January 26, 2011 3:29 by Samuel Potter
It’s a good news, bad news type of day again. Mainly bad, if you ask Kipp, but then we’ve always been a glass half empty sort of site. Let’s start with the good news, shall we? Or at least, the supposed good news.
Unemployment is down in Dubai. That’s the headline, with a grab-you-by-the-throat figure of 19 percent thrown in for good measure by Gulf News. This is according to the Dubai Statistics Centre, which says that Dubai’s unemployment rate was 0.8 per cent in 2009, down 19 percent from 2008. Yes, you read it right, we are now discussing the jobless figures for a period ended more than a year ago. Dubai was a different place for most of ’09 (this was before Dubai World melt down), which is why Kipp calls this ‘supposed’ good news. Even if it was accurate and reflective of the current period, it doesn’t necessarily translate to good news; Dubai’s population is highly transient, and its residents are likely to leave if they can’t find jobs, thus ‘duking’ the stats.
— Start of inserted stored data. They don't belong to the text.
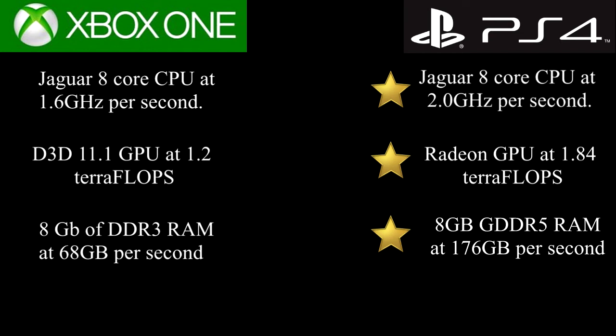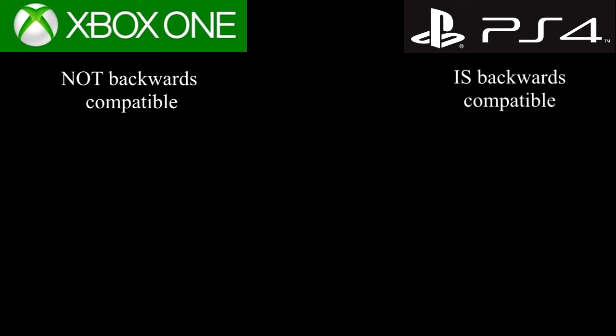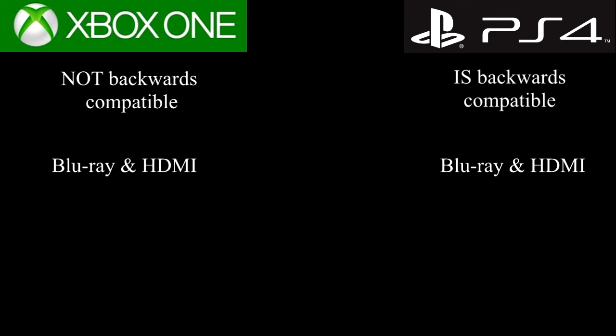What else do these top-of-the-line consoles offer, you ask? Well, I can tell you what the Xbox One doesn't offer, and that would be backwards compatibility. That's right — all those Xbox games of yours, useless. The PlayStation 4, however, does support backwards compatibility. That being said, both consoles offer Blu-ray and HDMI input and output ports, which is a first for the Xbox, as last time they did not support Blu-ray.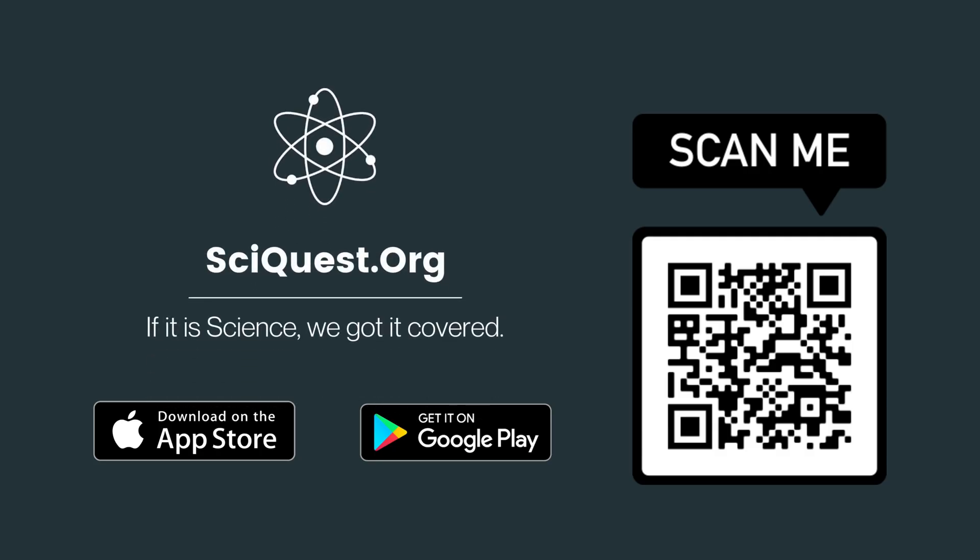We hope you are a fan of science news. Let us know your thoughts in the comments and make sure to subscribe to Science Quest for future updates.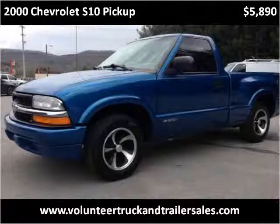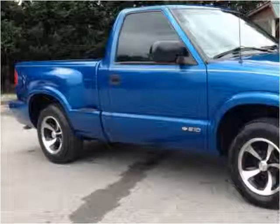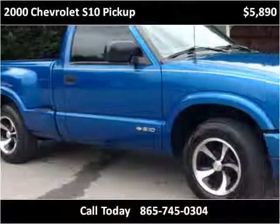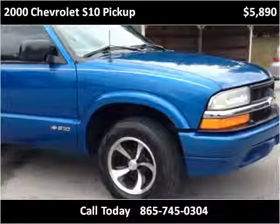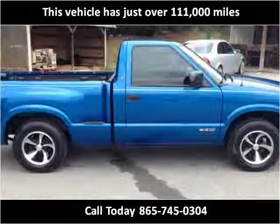This 2000 Chevrolet S10 pickup is available from Volunteer Truck & Trailer Sales. This vehicle has just over 111,000 miles.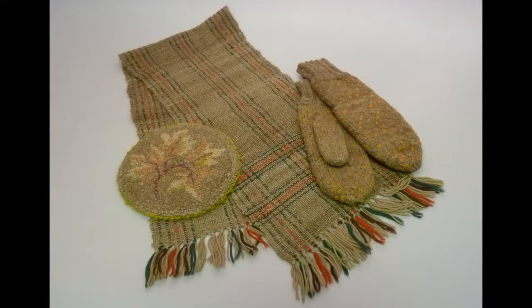Despite their efforts, buffalo hair was not a good replacement for sheep's wool, mainly because it was too difficult to collect and was resistant to dyes.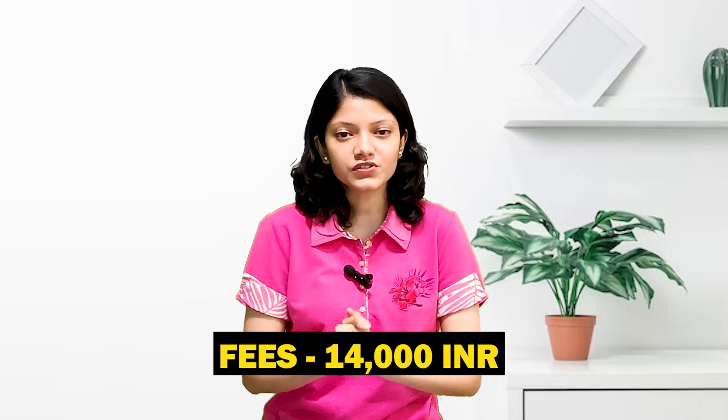Next is BA. If you have completed graduation and want to go into the teaching profession, then BA is a good option. The tuition fee is approximately ₹30,000 for the first year. The last course for this video is MCOM, for which you need a bachelor's degree from a recognized university. The tuition fee for MCOM is approximately ₹14,000.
Anyway, we’d be much happier with some more up to date figures. Unfortunately, that’s where the bad news comes in. new figures from the International Labour Organisation reveal that the region’s unemployment rate is the highest in the world. The ILO’s report, cunningly named Global Employment Trends 2011, said current estimates for 2010 show a 10.3 per cent level of unemployment in the region, with the youth unemployment rate almost four times the adult rate. The results are all on show in Tunisia, we think.
Monica Malik, Chief Economist at EFG-Hermes, said: “Across the region, the big issue facing economies and policymakers is how to create jobs and absorb new entrants into the market. This has been an underlying problem in the Middle East for quite some time; it is not something new and it is one of the biggest challenges facing the region.